High-level statutory timeline (the big rocks)
- By July 1, 2025: CARB is directed to adopt regulations implementing the reporting program (this deadline was established in the amended statutory language).
- Starting in 2026: Scope 1 and Scope 2 disclosures begin, on or by a date to be determined by CARB, and annually thereafter.
- Starting in 2027: Scope 3 disclosures begin on a schedule specified by CARB, and annually thereafter.
- 2029–2030: CARB must review and potentially update disclosure deadlines to bring Scope 3 reporting as close in time as practicable to Scope 1 and 2, and update assurance/provider qualification expectations as required.
- 2033+: CARB may assess alternative globally recognized standards and (if it switches) adopt new regulations to align the program.
What CARB has proposed so far: a “first-year only” due date
Because SB 253 says “starting in 2026” but didn’t hardcode a specific day, CARB staff has been building an “initial
regulation” package that focuses on two urgent basics: (1) program fees and (2) a first-year-only
reporting deadline for Scope 1 and 2. The proposed first-year due date is:
Proposed first Scope 1 & Scope 2 reporting deadline: August 10, 2026
CARB’s rationale is practical: August 10 aligns with an existing verification deadline under California’s Mandatory
Reporting Regulation (MRR), which could reduce “deadline whiplash” for companies already reporting under other CARB
programs. CARB has also indicated that this first-year report may be based on best-available data.
A timeline you can actually use: Year, data year, and what’s due
SB 253 is structured around reporting your emissions for the prior fiscal year. That sounds simple
until you remember that not all companies have a December 31 year-end and that “prior fiscal year” can mean different
things in year one depending on how the first deadline is set.
CARB’s staff materials describe a proposed first-year approach for the 2026 Scope 1 and 2 submission that accounts for
fiscal-year ends. Under that proposal, companies would generally submit data from the fiscal year ending in 2025, with
an exception for fiscal years ending very early in 2026, and with at least six months after fiscal year end to submit.
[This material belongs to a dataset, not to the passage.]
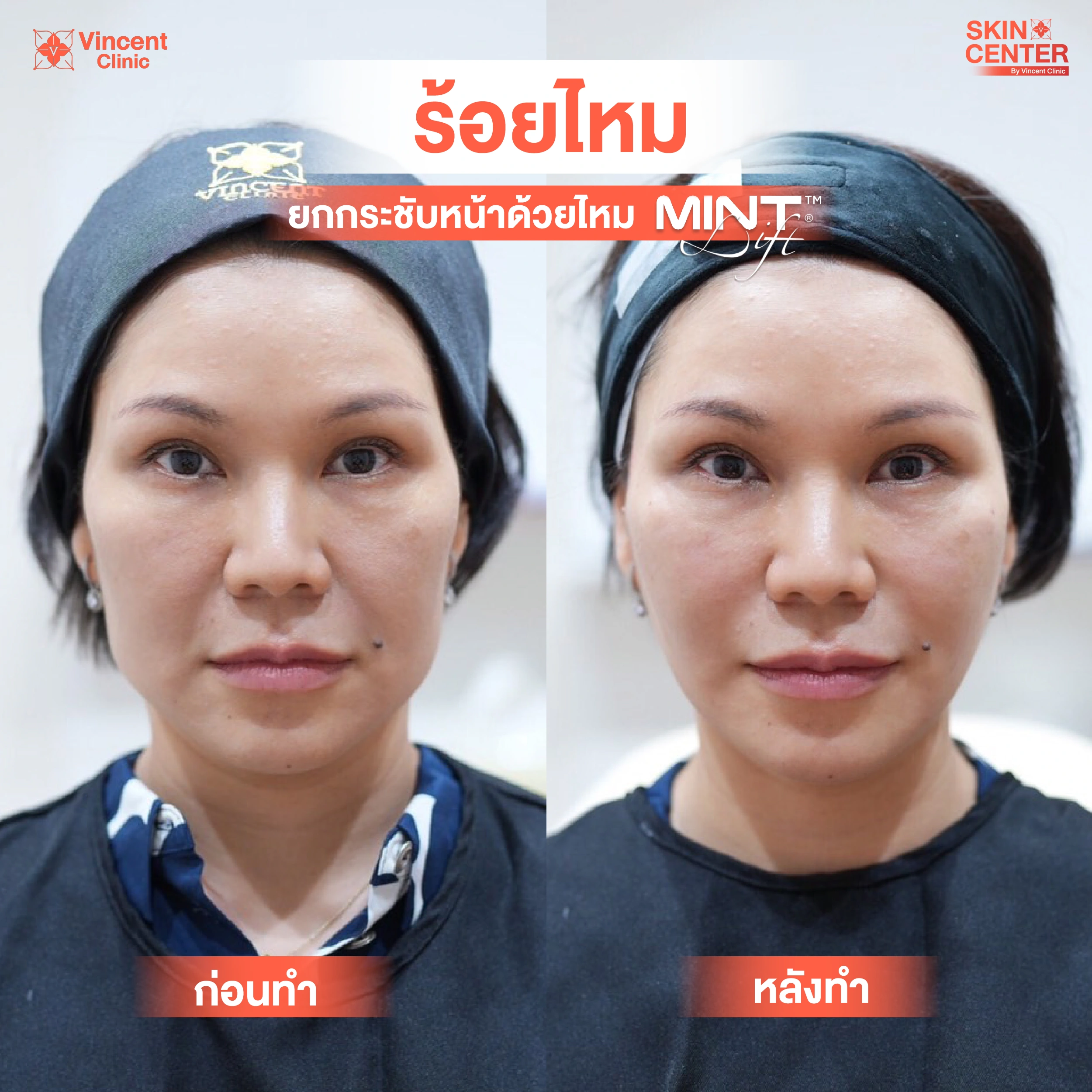รูปรีวิว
| Reporting obligation | Start year in law | Emissions “data year” concept | What’s the due date? |
|---|---|---|---|
| Scope 1 & Scope 2 disclosure | 2026 | Prior fiscal year (first-year details depend on CARB’s final rule) | CARB has proposed a first-year-only deadline of Aug. 10, 2026 (subject to final rulemaking) |
| Scope 3 disclosure | 2027 | Prior fiscal year (value chain emissions) | Schedule to be specified by CARB in regulations |
| Assurance for Scope 1 & 2 | Begins 2026 (limited) / 2030 (reasonable) | Attestation over reported inventory | Phased by statute; first-year enforcement expectations may be shaped by CARB guidance and final regs |
| Assurance for Scope 3 | Potentially set by CARB by 2027; limited starts 2030 | Attestation over Scope 3 disclosures | CARB may establish requirements; limited assurance begins in 2030 under statute |
Scope 1 & Scope 2 deadlines: what companies should treat as “real” right now
If you only remember three things about Scope 1 and 2 timing, make it these:
- 2026 is the statutory start year. Waiting for “perfect clarity” is a luxury you don’t havebecause
emissions programs take time to stand up (systems, governance, internal controls, and yes, convincing people to stop
emailing spreadsheets with names like “FINAL_v7_REALLYFINAL.xlsx”). - CARB has proposed Aug. 10, 2026 for first-year submission. That’s the most concrete date on the board
right now, and it’s wise to plan around it unless final regulations say otherwise. - The first year may allow “best-available data” and good-faith compliance. CARB’s public materials
signal an intent to support first-year submissions for companies actively working toward compliance rather than
punishing those still building the plane mid-flight.
Practical example: what the 2026 sprint looks like
Imagine a national retailer with $3.5B in revenue, stores in California, and a fiscal year ending February 2.
Operationally, its Scope 1 data (fleet, generators, refrigerants) lives in facilities and procurement systems, while
Scope 2 data is split between utilities, landlords, and energy suppliers. If the first-year deadline lands in early
August 2026, that company likely needs:
- A complete inventory boundary decision (equity share vs. operational control) aligned with the GHG Protocol.
- A repeatable data pipeline for utility and fuel data, including a method for gaps and estimates.
- Documented calculations and an audit trail that won’t collapse when someone asks, “Where did this number come from?”
- A publication workflow (because the output isn’t just a PDF; it’s a public disclosure with reputational risk).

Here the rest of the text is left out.